Top of Listed entries

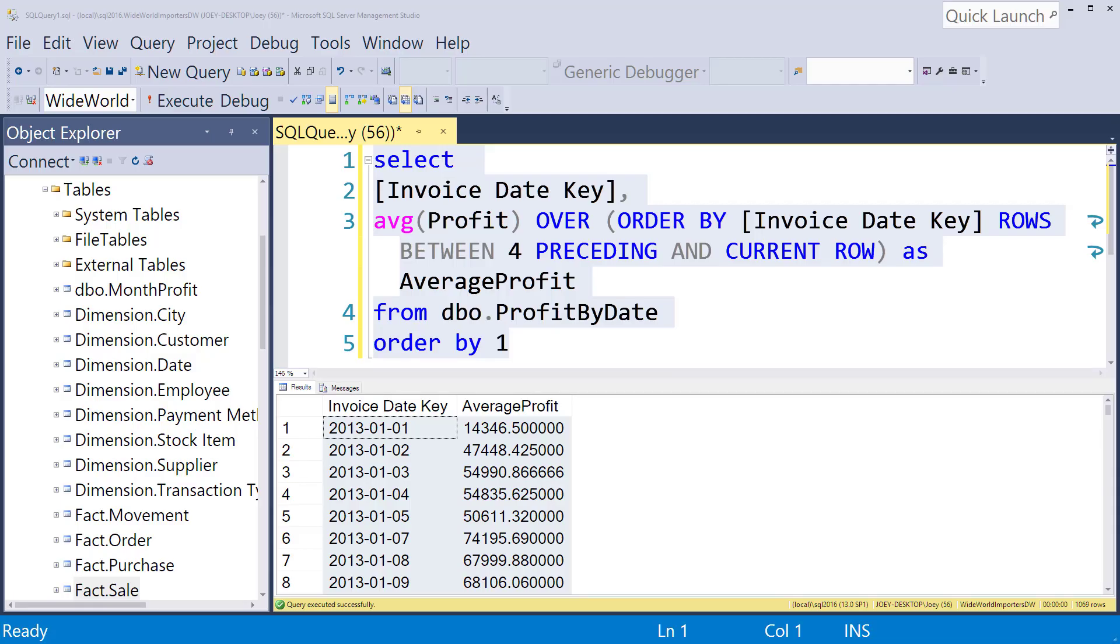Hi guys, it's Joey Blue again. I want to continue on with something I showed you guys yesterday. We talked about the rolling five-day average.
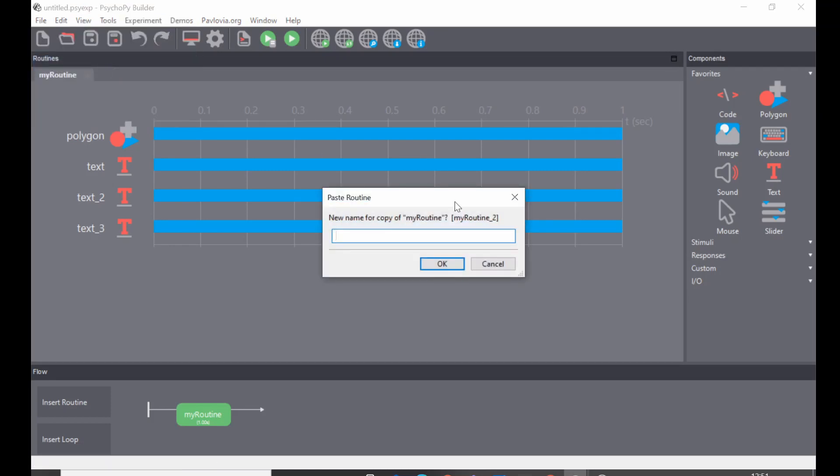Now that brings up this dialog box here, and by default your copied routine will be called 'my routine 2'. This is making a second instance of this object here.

Bottom of Listed entries
Top of Listed entries

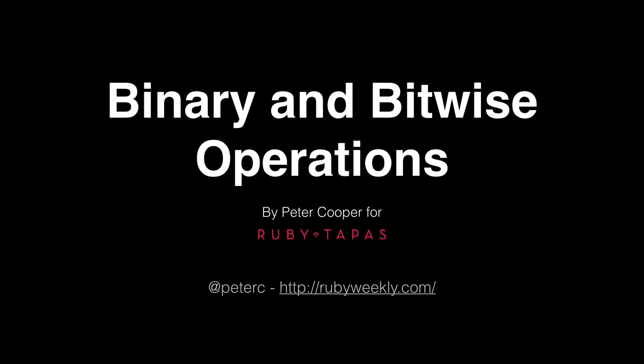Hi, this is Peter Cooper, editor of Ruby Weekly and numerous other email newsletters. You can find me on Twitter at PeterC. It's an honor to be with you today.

Bottom of Listed entries

# Task brief
What is needed is an exact copy of the lines above, from the one holding "Hi guys, it's" down to the one holding "Now that brings", with those two included and the pictures left out.

# Answer to the exercise
Hi guys, it's Joey Blue again. I want to continue on with something I showed you guys yesterday. We talked about the rolling five-day average.
Now that brings up this dialog box here, and by default your copied routine will be called 'my routine 2'. This is making a second instance of this object here.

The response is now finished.